**Available data**
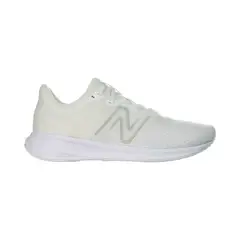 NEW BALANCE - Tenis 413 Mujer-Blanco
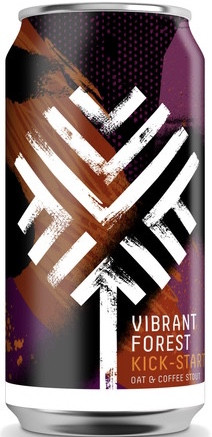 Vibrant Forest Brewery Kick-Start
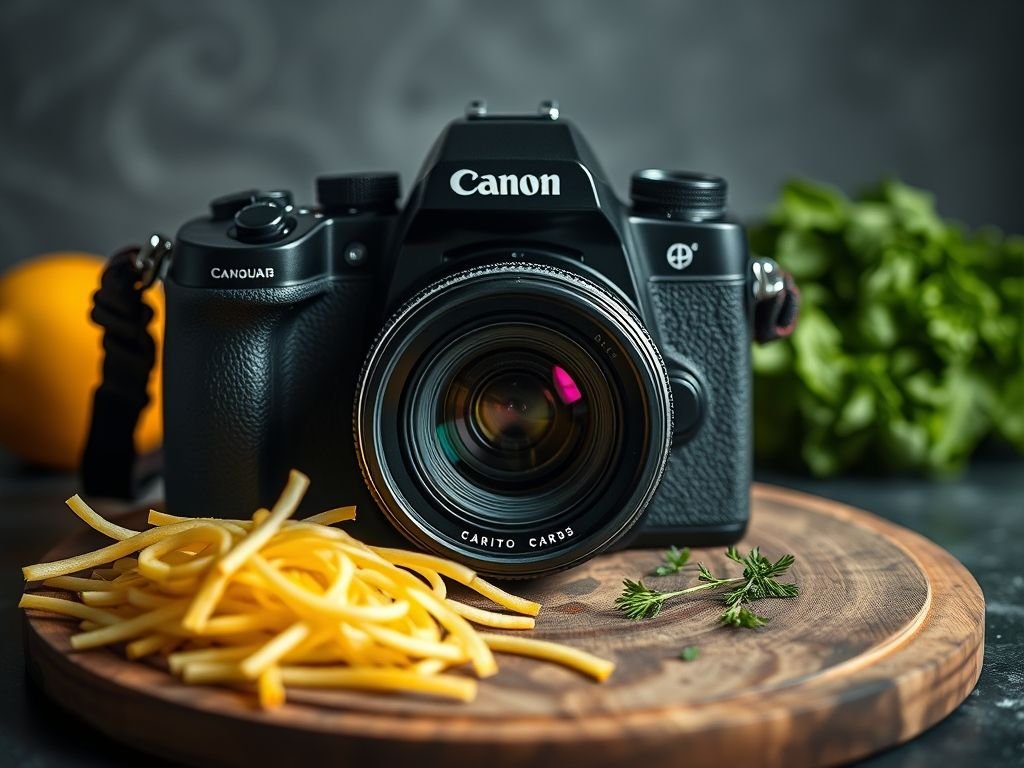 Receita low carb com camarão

...

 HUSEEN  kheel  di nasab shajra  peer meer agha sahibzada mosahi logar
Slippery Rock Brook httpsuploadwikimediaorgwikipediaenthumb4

**Task directions**
Once the line with "NEW BALANCE - Tenis 413 Mujer-Blanco" is found above, transcribe each line from it through the line with "Receita low carb com camarão", exactly, and omit the pictures.

**Response box**
 NEW BALANCE - Tenis 413 Mujer-Blanco
 Vibrant Forest Brewery Kick-Start
 Receita low carb com camarão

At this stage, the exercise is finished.